Mail Privacy Protection: This feature restricts senders from using invisible pixels within emails to collect and track information about the recipient. MPP helps users to mask their IP address, location as well as hide whether they opened a particular email.
In the email newsletter and email marketing industries, it is standard practice to employ hidden pixels that gauge subscriber behavior and tag their campaign performance. MPP deprives them of this quintessential metric they rely on for selling advertising to businesses. And as more users embrace this anti-tracking feature, it will hold broader ramifications for email newsletter publishers, advertisers, email marketers and ad-tech companies.
Few Apple users are opting in to tracking
Apple’s ATT initiative has put a crimp in Facebook’s ad models by effectively negating the ability to track users beyond the app. According to recent data collected by analytic app firm Flurry, only 7% of iOS users have opted in to being tracked online.
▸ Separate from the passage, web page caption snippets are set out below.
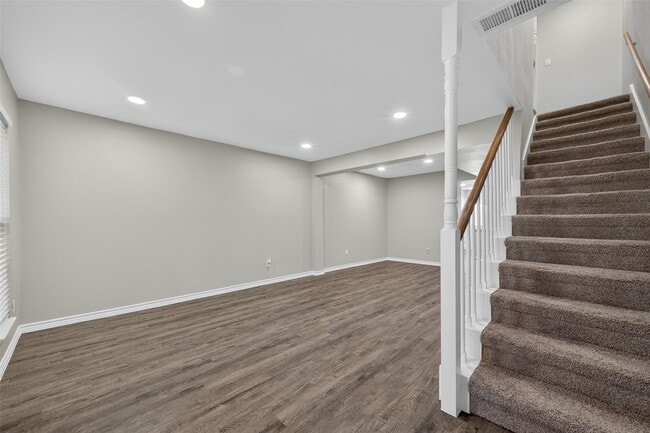 Building Photo - 10381 Briar Forest Dr
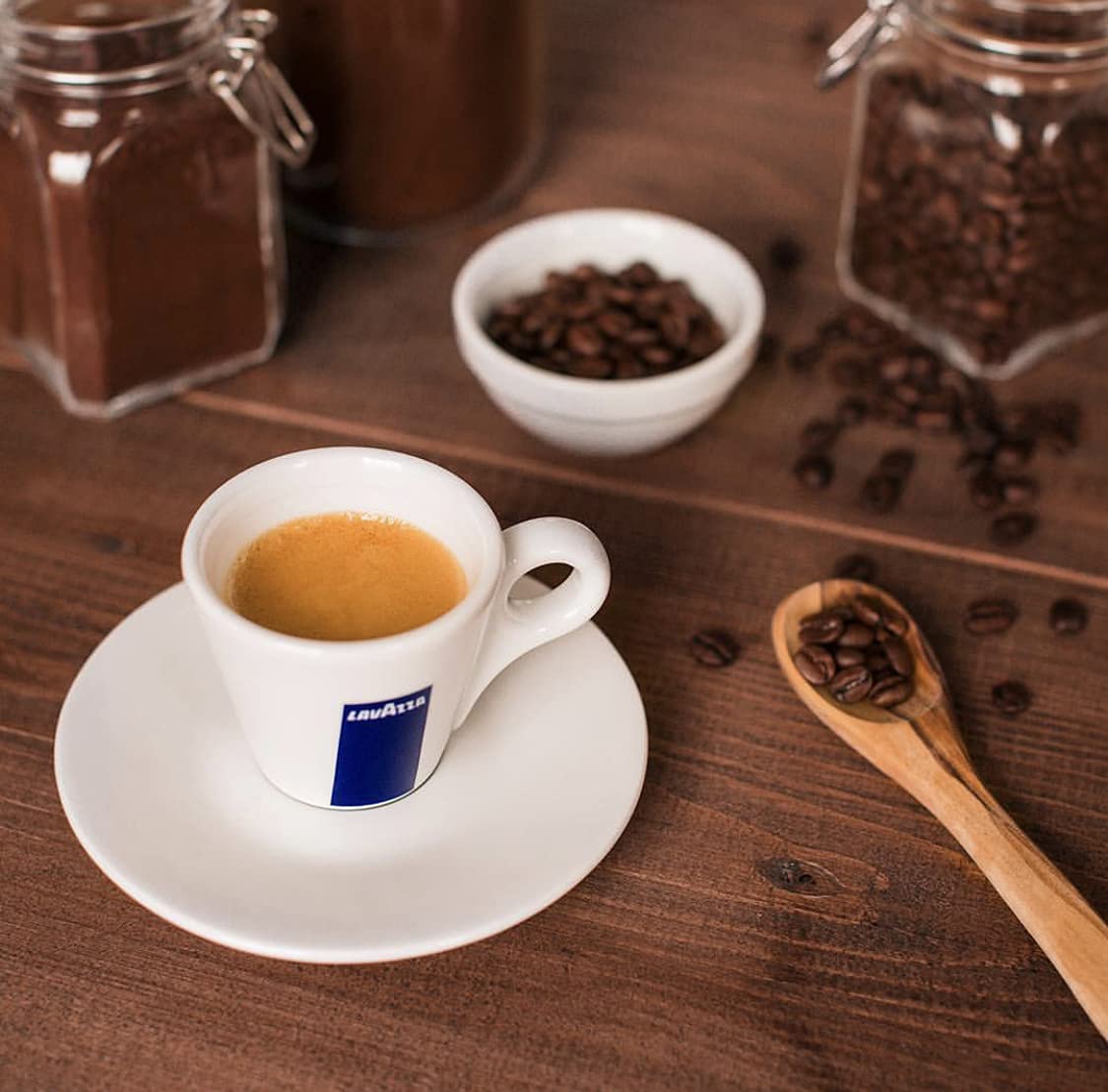 Lavazza Crema E Aroma Ganze Kaffeebohnen, 1 kg Packung, Ausgewogene mittlere Röstung mit intensivem, erdigem Geschmack und lang anhaltender Crema, GMO-frei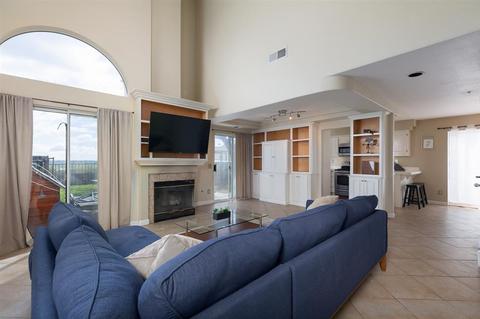 9727 Avenida Colino, Spring Valley, CA 91977 photo 6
With the de facto leader of online advertising already feeling the heat from ATT, the newsletter industry is now jittery about Apple’s latest privacy setting, the MPP.
Additionally, Apple dominates the email ecosystem, with 60% of all email accounts opened in its software. This makes changes triggered by MPP all the more significant for every player in the advertising world, including publishers and agencies.
What’s ahead for digital publishers
Whether it spells the end of online advertising or something else is uncertain, but Apple’s recent decisions are likely to usher in a wave of innovation in the industry. Many advertisers are already shifting their spending toward Android device users, and prices for ads targeting iOS users have fallen.
The ATT initiative has spurred online advertisers to hit the reset button and come up with a strategy that will allow them to thrive without unfettered access to users’ data at its core.
The same goes for ad-based newsletters post-MPP. With their traditional benchmark gone and no open rates available, publishers will need to transition away from user-centric models to find new metrics to understand their audiences and alternative analytics solutions to measure the ad performance.
In the wake of these disruptions, some businesses are reconsidering their advertising spend. A number are planning to hold back altogether until another effective way to measure the results of their campaigns is available.